Cromwell, now married, said that not using Facebook or other social networking sites didn’t hurt him while still dating.
“All my dates were people I’d met somewhere and asked out,” he said. “I just called them if I wanted to talk to them. Facebook wasn’t a factor.”
His wife, on the other hand, does use Facebook.
“I make fun of her every single day,” Cromwell said. “She’s always on that thing.”
Twitter, one of the more recently popular social networks, allows its users to send updates to their followers, either online or through text.
The Pew Research Center in 2009 found that nearly one in five American adults, ages 18 to 24 (about 19 percent) have used Twitter.
Among these users are Paris Hilton, Lindsay Lohan, Sarah Palin and Barack Obama.

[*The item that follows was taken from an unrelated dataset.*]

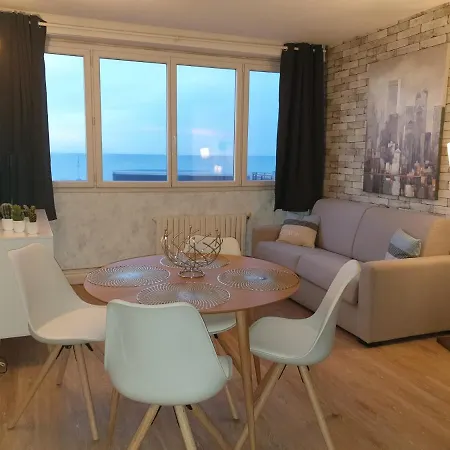 Residence Du Bord De Mer 9 Appartements Avec Une Vraie Vue Mer Le Tréport Exterior foto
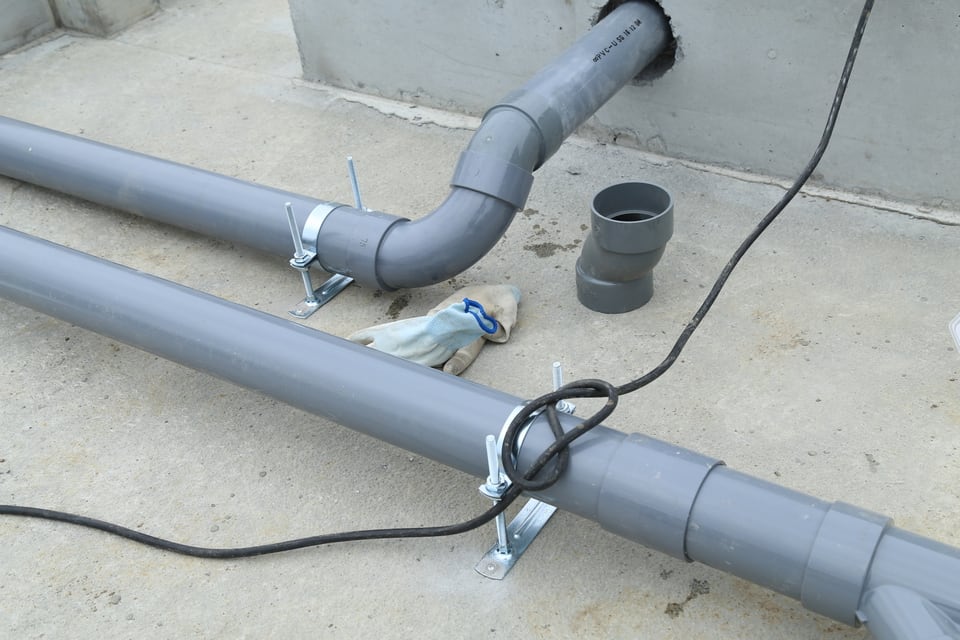 給排水設備工事中にむき出しになった配管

Though he is without Facebook, Cromwell said Twitter seems like a fun idea, to a point.
“It’s a lot like Facebook,” he said, “but not as personal. It’s cool as long as you get the right people.”
Parker said the interesting aspect of social networking is how it has taken power away from large conglomerates, such as Disney, CBS, Time Warner, etc.
By giving consumers the ability to decide what is important to them, Parker said the role of the information gatekeeper has shifted.
“Now, who is the gatekeeper? I am,” he said. “I get to decide what’s important. I do that by controlling who’s in my network.”